Friday, February 22, 2013

Ed Asner And Towers of Money

With a flaw or two, Ed Asner tells it (mostly) like it is with a little help from animators:


It contains an oversimplification or two. It overly blames "rich people" without mentioning ignorant and misinformed people. And the video fails to mention that there are a number of "rich people" who weren't complicit -- at least not actively -- in that problem. And it seems there are some "rich people" who actually want to do the right thing. The core flaw with this video is that it paints rich people as a monolithic block of villainy, an impression that isn't generally correct.

However, such flaws aside, it does do a fairly good job of generally describing the breakdown in the economy. In a consumer society, one does not create prosperity by shoveling more and more via tax breaks to those who already consume all that they care to consume. In a consumer society, one creates prosperity by strengthening those classes of consumer that do not already have the income to consume all that they care to consume.

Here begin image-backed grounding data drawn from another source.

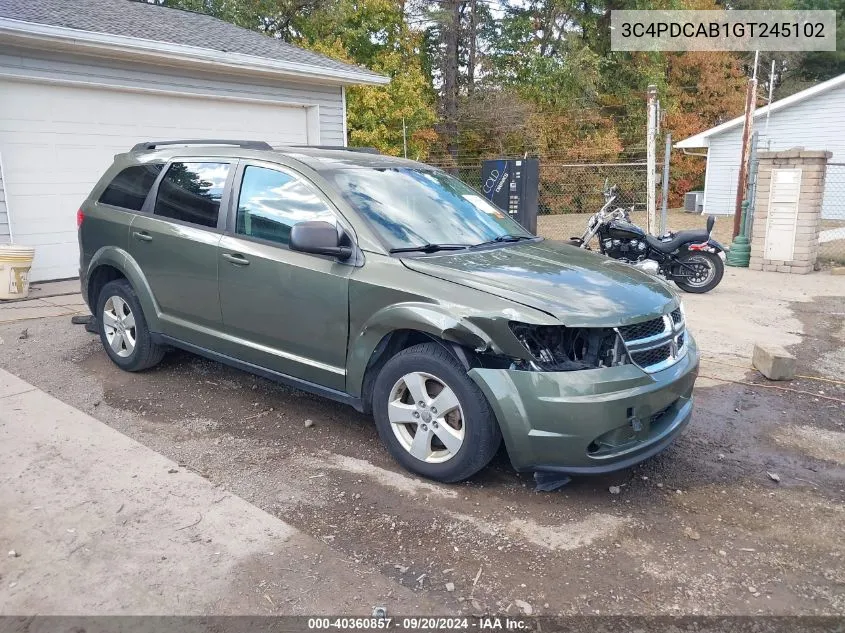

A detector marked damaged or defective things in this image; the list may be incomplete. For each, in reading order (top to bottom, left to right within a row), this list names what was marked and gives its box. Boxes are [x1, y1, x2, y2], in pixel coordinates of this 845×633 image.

damaged green suv [79, 141, 700, 482]
missing headlight [508, 320, 628, 370]
crumpled front bumper [468, 334, 700, 472] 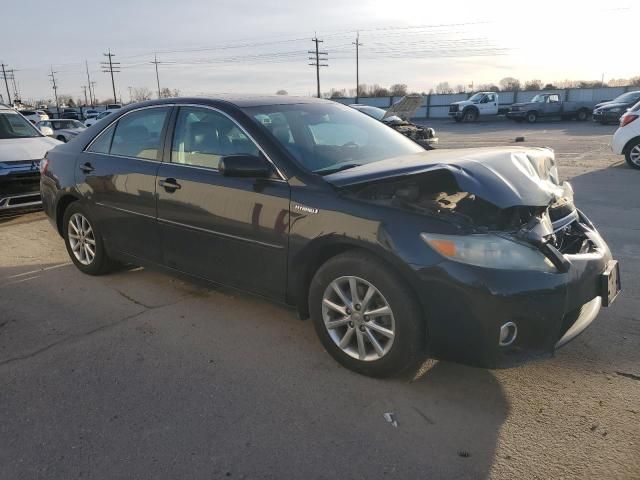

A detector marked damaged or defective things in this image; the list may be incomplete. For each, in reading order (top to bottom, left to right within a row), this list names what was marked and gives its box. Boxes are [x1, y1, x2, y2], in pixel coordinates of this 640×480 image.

crumpled hood [0, 136, 60, 162]
wrecked vehicle [350, 96, 436, 150]
crumpled hood [324, 145, 564, 207]
wrecked vehicle [41, 95, 620, 376] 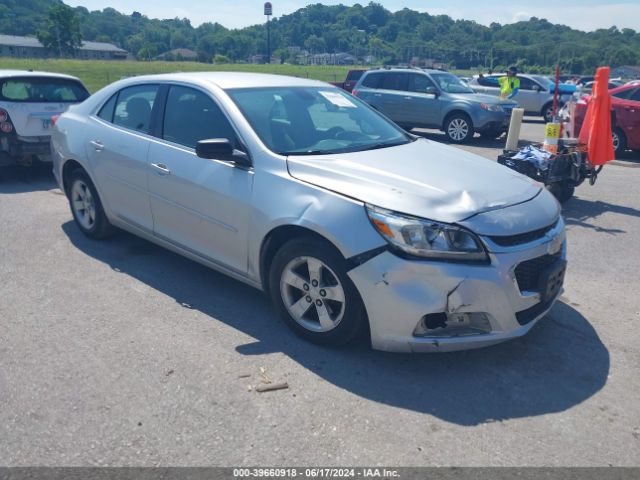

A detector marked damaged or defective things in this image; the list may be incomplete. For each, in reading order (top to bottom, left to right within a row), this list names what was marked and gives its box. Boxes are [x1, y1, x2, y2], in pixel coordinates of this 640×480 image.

cracked headlight [368, 203, 488, 260]
front bumper damage [350, 218, 564, 352] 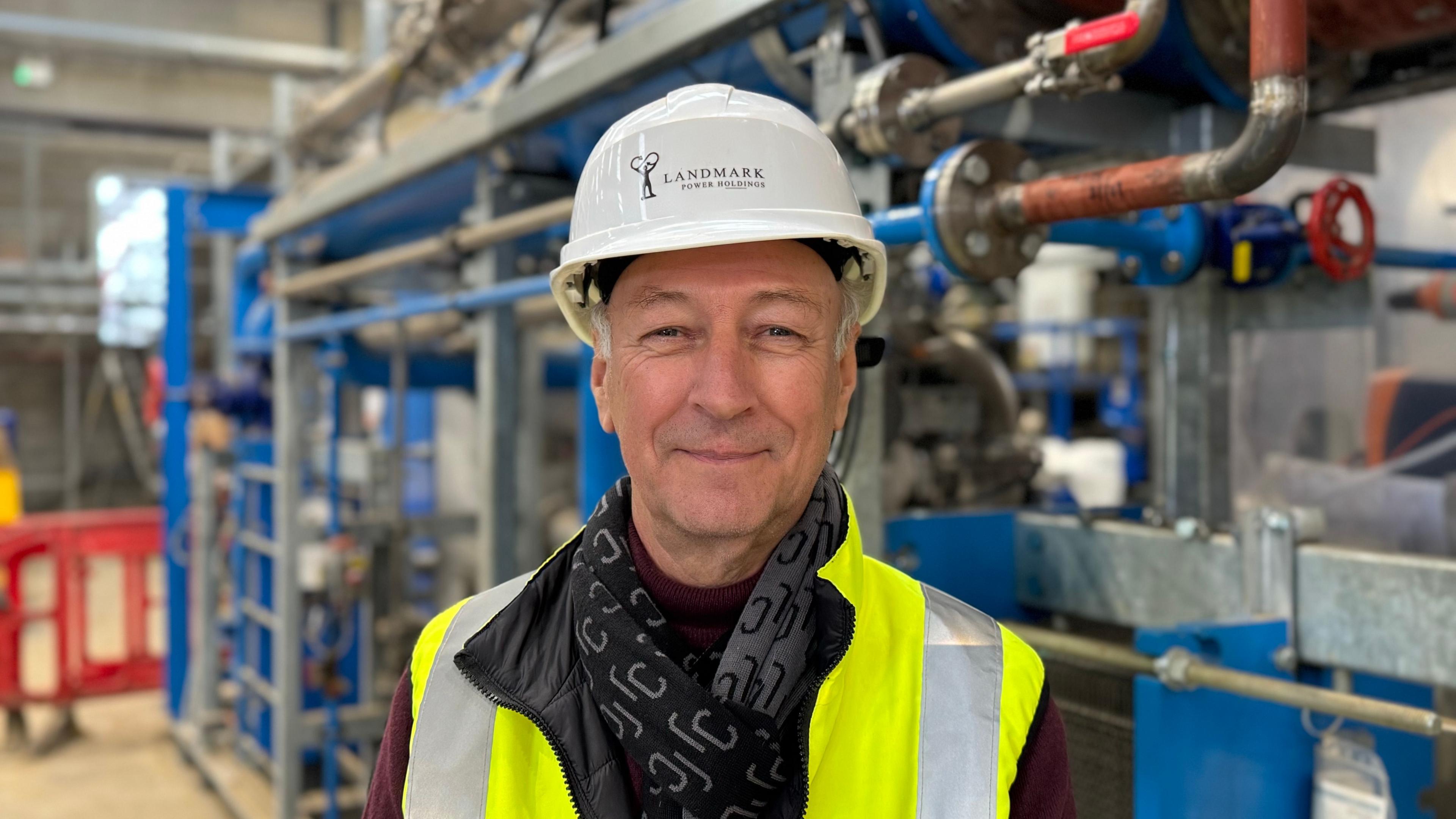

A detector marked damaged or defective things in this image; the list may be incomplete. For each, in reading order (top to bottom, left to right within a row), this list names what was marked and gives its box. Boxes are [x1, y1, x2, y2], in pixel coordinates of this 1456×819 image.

Wednesday, February 6, 2013

Jobs Versus Budget Cuts: It's One Or The Other

So many still seem to be missing this basic point:
"Right now the central challenge is to reignite the economy — getting jobs back, improving wages, and restoring growth.  
Deficit reduction moves us in the opposite direction. That’s because most consumers (whose spending is 70 percent of economic activity) are still losing ground, and businesses won’t expand and hire without more consumers." 
- Robert Reich in "The Economic Challenge Ahead: More Jobs and Growth, Not Deficit Reduction"
At least, so many among the Republican movers and shakers and apparently in the Oval Office too. Why? One can only presume that they're still taking it on faith that reducing the deficit is the most important thing ever, despite all the mountains of reason to believe otherwise.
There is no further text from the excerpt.